How do you usually react physically/mentally when you're triggered?

grief

Sponsor
complete emptiness. face goes blank. body goes slack. thoughts slip out of my mind like marbles. no power/no input. no sound at all. yesterday i had a bit of an episode which i have not had since my childhood, such an intense feeling of essentially a panic attack, and i caught myself with my hand on my chest, making a strange gasping sound as i tried to breathe.
 

Survivor3

MyPTSD Pro
When I'm triggered my mind feels as if it's going to explode. Sometimes I just pace around the room. Other times I watch tv to distract myself. In a more severe way I've actually had a heart attack before after a panic attack. I still don't understand sometimes when im dissociating or not. It confuses me. Find it difficult to talk and just feel and look shell-shocked.
 

Freddyt

Confident
Freeze. Usually all I can do is say No repeatedly. Inside it feels like I'm melting. If I can't get to somewhere where I am alone and feel safe to recover it turns to anger with reduced functionality, sort of a f*cked up flight response. I also have adrenal insufficiency so it is incredibly physically draining.

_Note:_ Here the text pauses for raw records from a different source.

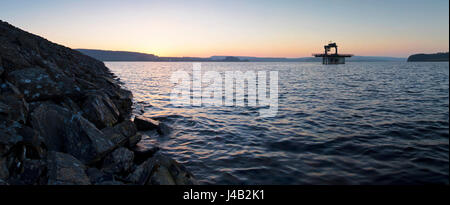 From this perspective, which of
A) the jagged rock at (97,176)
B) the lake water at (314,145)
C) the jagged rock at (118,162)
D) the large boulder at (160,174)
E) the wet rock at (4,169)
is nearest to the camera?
the wet rock at (4,169)

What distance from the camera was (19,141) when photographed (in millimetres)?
4402

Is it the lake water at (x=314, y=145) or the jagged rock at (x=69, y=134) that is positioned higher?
the jagged rock at (x=69, y=134)

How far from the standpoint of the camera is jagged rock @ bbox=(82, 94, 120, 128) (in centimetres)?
772

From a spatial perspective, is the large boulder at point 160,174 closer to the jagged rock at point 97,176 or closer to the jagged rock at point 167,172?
the jagged rock at point 167,172

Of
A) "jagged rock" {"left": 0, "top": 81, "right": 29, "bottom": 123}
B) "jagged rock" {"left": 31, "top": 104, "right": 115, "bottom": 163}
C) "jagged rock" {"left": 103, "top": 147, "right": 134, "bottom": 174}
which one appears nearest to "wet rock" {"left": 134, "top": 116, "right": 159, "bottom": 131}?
"jagged rock" {"left": 31, "top": 104, "right": 115, "bottom": 163}

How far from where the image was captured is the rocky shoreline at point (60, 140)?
4297 mm

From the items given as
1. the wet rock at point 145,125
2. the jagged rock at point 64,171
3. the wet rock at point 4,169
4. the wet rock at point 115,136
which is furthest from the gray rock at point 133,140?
the wet rock at point 4,169

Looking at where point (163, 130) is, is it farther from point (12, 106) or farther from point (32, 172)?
point (32, 172)

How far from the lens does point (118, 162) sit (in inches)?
228

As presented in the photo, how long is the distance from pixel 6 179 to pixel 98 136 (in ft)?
7.49

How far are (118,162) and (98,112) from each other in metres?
2.97

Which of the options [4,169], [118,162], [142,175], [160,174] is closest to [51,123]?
[118,162] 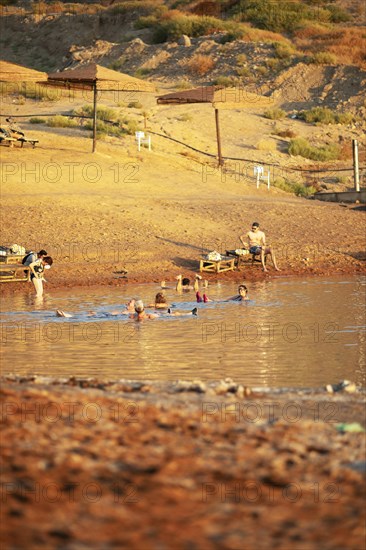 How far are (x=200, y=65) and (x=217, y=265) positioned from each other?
1266 inches

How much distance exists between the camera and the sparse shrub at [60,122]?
36469 mm

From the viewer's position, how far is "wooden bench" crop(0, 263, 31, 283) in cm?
2259

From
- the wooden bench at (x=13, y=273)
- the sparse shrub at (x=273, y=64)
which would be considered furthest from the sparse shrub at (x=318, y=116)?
the wooden bench at (x=13, y=273)

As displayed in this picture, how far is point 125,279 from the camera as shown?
76.7ft

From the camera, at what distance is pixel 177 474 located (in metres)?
6.54

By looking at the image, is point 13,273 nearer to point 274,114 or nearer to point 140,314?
point 140,314

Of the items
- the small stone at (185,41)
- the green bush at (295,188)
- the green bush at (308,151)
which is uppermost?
the small stone at (185,41)

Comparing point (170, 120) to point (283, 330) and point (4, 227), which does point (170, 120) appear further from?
point (283, 330)

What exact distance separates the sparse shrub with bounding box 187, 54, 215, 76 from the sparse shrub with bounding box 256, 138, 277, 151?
1446 centimetres

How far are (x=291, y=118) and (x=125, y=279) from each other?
2506cm

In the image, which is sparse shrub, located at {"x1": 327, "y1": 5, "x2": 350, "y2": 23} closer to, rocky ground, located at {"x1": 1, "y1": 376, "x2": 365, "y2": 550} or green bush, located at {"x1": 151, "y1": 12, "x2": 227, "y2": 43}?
green bush, located at {"x1": 151, "y1": 12, "x2": 227, "y2": 43}

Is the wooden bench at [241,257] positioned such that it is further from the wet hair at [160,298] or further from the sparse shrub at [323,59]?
the sparse shrub at [323,59]

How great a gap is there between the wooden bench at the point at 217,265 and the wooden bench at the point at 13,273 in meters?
3.90

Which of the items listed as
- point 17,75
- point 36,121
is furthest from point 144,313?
point 36,121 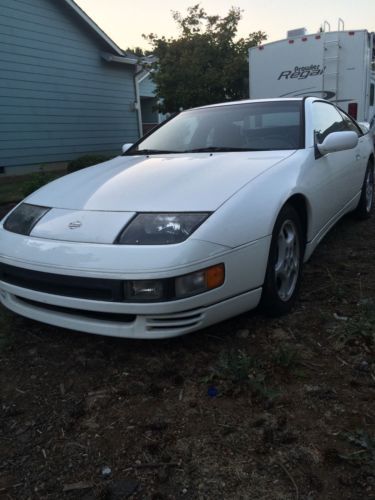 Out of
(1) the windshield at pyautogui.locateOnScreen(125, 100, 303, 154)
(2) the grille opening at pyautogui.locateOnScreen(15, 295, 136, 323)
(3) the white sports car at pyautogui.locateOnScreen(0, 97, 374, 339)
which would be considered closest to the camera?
(3) the white sports car at pyautogui.locateOnScreen(0, 97, 374, 339)

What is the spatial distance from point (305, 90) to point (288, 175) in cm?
736

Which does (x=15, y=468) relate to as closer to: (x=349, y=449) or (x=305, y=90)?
(x=349, y=449)

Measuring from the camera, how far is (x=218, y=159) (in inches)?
122

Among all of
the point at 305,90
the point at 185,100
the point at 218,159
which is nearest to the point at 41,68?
the point at 185,100

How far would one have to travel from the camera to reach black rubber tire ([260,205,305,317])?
264 centimetres

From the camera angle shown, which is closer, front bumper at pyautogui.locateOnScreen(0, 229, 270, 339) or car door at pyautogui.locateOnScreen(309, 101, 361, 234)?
front bumper at pyautogui.locateOnScreen(0, 229, 270, 339)

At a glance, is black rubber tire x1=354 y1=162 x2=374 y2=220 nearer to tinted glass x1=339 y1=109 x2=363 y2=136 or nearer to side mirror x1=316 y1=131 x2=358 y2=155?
tinted glass x1=339 y1=109 x2=363 y2=136

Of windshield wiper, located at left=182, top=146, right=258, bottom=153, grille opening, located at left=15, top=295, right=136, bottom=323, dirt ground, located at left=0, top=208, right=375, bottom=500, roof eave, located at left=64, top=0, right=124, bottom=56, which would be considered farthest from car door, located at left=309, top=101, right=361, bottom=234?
roof eave, located at left=64, top=0, right=124, bottom=56

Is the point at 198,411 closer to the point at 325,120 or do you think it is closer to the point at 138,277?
the point at 138,277

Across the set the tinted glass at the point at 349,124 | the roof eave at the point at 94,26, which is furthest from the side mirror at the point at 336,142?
the roof eave at the point at 94,26

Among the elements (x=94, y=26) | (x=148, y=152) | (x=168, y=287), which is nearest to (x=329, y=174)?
(x=148, y=152)

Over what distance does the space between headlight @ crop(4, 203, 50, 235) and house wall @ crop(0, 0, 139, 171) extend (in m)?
7.26

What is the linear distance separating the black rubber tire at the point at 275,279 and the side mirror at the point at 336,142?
63 centimetres

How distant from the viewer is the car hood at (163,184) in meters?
2.52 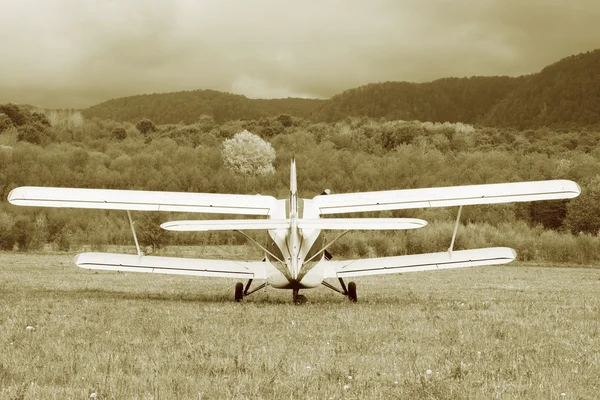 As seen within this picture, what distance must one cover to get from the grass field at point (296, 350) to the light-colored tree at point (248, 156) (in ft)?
316

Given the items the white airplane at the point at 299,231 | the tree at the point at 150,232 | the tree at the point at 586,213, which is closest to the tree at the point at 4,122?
the tree at the point at 150,232

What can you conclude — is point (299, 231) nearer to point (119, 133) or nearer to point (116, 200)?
point (116, 200)

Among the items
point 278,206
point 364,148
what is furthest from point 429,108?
point 278,206

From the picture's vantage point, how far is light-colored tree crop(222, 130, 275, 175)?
110 metres

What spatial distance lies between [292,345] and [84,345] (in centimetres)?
254

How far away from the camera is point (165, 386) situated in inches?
A: 251

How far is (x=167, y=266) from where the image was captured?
49.5 ft

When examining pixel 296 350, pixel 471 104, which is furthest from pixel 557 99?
pixel 296 350

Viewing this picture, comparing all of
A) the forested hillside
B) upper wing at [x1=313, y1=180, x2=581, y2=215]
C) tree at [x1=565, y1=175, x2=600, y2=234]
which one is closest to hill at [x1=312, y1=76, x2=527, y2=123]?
the forested hillside

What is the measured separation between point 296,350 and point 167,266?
732cm

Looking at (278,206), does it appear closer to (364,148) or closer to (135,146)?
(364,148)

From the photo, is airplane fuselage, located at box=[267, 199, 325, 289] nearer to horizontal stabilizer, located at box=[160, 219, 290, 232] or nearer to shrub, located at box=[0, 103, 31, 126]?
horizontal stabilizer, located at box=[160, 219, 290, 232]

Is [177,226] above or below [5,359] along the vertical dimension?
above

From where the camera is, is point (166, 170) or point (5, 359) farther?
point (166, 170) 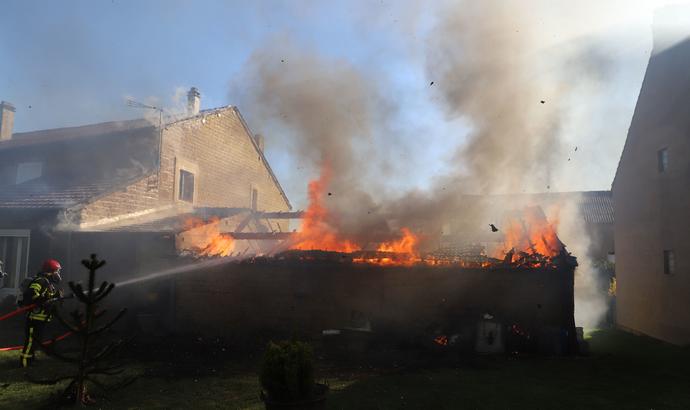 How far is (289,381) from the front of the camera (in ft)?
16.6

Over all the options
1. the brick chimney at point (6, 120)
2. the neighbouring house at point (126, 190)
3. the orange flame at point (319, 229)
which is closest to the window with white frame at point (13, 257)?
the neighbouring house at point (126, 190)

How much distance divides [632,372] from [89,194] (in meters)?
16.4

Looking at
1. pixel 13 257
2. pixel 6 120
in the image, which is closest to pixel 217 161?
pixel 13 257

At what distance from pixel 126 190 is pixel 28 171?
559 cm

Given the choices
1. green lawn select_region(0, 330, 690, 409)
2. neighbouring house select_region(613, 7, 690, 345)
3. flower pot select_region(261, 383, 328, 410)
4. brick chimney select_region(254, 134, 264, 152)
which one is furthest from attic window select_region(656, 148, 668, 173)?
brick chimney select_region(254, 134, 264, 152)

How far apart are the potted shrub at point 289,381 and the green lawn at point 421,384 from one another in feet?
5.97

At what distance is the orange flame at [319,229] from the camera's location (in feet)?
47.4

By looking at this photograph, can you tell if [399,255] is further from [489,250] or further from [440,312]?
[489,250]

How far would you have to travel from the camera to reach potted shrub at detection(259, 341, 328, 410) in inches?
200

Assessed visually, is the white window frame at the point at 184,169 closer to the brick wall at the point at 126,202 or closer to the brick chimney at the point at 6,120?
the brick wall at the point at 126,202

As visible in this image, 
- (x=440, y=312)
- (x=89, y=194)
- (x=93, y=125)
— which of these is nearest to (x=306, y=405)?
(x=440, y=312)

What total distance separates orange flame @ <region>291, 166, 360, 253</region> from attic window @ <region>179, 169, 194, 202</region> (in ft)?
24.7

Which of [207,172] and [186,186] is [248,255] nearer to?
[186,186]

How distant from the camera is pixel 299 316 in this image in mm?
12062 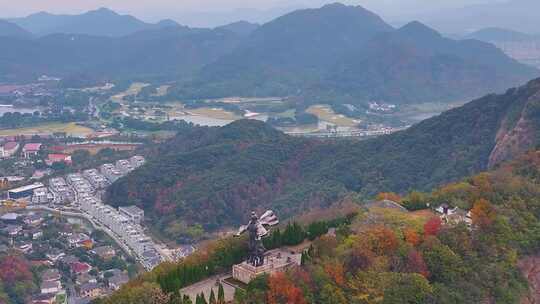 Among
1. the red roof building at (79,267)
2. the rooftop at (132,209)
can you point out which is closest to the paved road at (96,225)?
the rooftop at (132,209)

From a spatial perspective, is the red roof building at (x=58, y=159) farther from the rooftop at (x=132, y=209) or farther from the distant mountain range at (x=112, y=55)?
the distant mountain range at (x=112, y=55)

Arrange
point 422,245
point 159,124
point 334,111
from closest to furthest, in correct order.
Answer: point 422,245 → point 159,124 → point 334,111

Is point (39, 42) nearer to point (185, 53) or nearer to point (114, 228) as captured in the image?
point (185, 53)

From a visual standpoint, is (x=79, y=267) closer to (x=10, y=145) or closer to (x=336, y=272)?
(x=336, y=272)

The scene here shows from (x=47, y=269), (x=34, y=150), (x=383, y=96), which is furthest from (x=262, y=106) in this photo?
(x=47, y=269)

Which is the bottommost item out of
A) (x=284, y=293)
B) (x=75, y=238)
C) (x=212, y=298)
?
(x=75, y=238)

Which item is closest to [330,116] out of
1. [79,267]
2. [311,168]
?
[311,168] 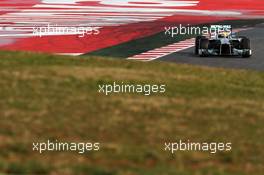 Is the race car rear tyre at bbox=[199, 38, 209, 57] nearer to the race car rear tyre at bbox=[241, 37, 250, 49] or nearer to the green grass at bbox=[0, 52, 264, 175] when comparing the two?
the race car rear tyre at bbox=[241, 37, 250, 49]

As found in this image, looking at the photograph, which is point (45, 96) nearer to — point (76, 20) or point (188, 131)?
point (188, 131)

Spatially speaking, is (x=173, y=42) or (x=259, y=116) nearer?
(x=259, y=116)

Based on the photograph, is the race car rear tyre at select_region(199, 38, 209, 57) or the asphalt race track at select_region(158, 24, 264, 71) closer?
the asphalt race track at select_region(158, 24, 264, 71)

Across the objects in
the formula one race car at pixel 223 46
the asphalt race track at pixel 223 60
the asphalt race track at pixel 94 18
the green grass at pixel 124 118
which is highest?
the green grass at pixel 124 118

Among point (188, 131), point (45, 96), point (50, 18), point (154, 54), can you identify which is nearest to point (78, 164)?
point (188, 131)

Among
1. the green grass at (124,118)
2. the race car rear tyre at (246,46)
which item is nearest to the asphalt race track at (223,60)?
the race car rear tyre at (246,46)

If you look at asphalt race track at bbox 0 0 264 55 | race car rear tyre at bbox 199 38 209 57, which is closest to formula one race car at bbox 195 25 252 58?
race car rear tyre at bbox 199 38 209 57

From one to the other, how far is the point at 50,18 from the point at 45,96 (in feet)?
129

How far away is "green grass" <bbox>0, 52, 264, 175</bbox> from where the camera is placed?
35.4 feet

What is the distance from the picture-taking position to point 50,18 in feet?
174

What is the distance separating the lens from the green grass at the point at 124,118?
35.4 ft

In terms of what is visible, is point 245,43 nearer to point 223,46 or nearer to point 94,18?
point 223,46

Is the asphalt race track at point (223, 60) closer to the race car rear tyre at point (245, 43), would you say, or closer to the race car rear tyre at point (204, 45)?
the race car rear tyre at point (204, 45)

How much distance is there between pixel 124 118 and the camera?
13.3 metres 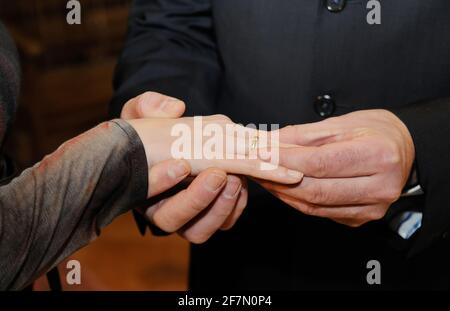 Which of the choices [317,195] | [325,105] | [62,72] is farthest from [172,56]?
[62,72]

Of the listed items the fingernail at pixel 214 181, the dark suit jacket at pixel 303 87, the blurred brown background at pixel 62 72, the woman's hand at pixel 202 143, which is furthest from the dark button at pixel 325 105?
the blurred brown background at pixel 62 72

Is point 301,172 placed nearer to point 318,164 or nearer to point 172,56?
Answer: point 318,164

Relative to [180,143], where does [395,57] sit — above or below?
above

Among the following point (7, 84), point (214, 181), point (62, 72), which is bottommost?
point (62, 72)

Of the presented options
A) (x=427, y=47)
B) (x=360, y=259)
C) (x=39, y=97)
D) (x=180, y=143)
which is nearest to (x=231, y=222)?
(x=180, y=143)

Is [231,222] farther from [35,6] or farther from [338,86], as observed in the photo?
[35,6]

Then I'm the same as @Friday when dealing with stressors. Pull back, isolate, dissociate, and get reactive, edgy, headaches/recalled pain. I also use up my supplimented cortone and "hit the wall". No energy, low blood pressure, no sleep, anxiety, and low blood pressure headache, and more that you don't want to know about.
 

Mach123

MyPTSD Pro
There is a range and I can be triggered into pleasure as well on one side of things. It’s reactive though or the opposite of directed action. Passivity or even fighting against being passive. Then there is being triggered into war. Different subject. Like I don’t care what happens if I really insist, I’m really insisting. Either way the fallout is I wish i hadn’t done that.
 

ruborcoraxxx

MyPTSD Pro
With triggers, a sinking feeling followed by a blank. Or the reverse. I stay petrified or try to sneak out, but rarely to run. Depending of the nature of the triggers, continues and I see no direct option out, rage blasts, or I further cut out if I think it’s too late to fight. Feeling like burning, headachy, hearth beating nonsensitically, nothing else exists but that small focus of point. And I rotate inside of that small focus until it bleeds.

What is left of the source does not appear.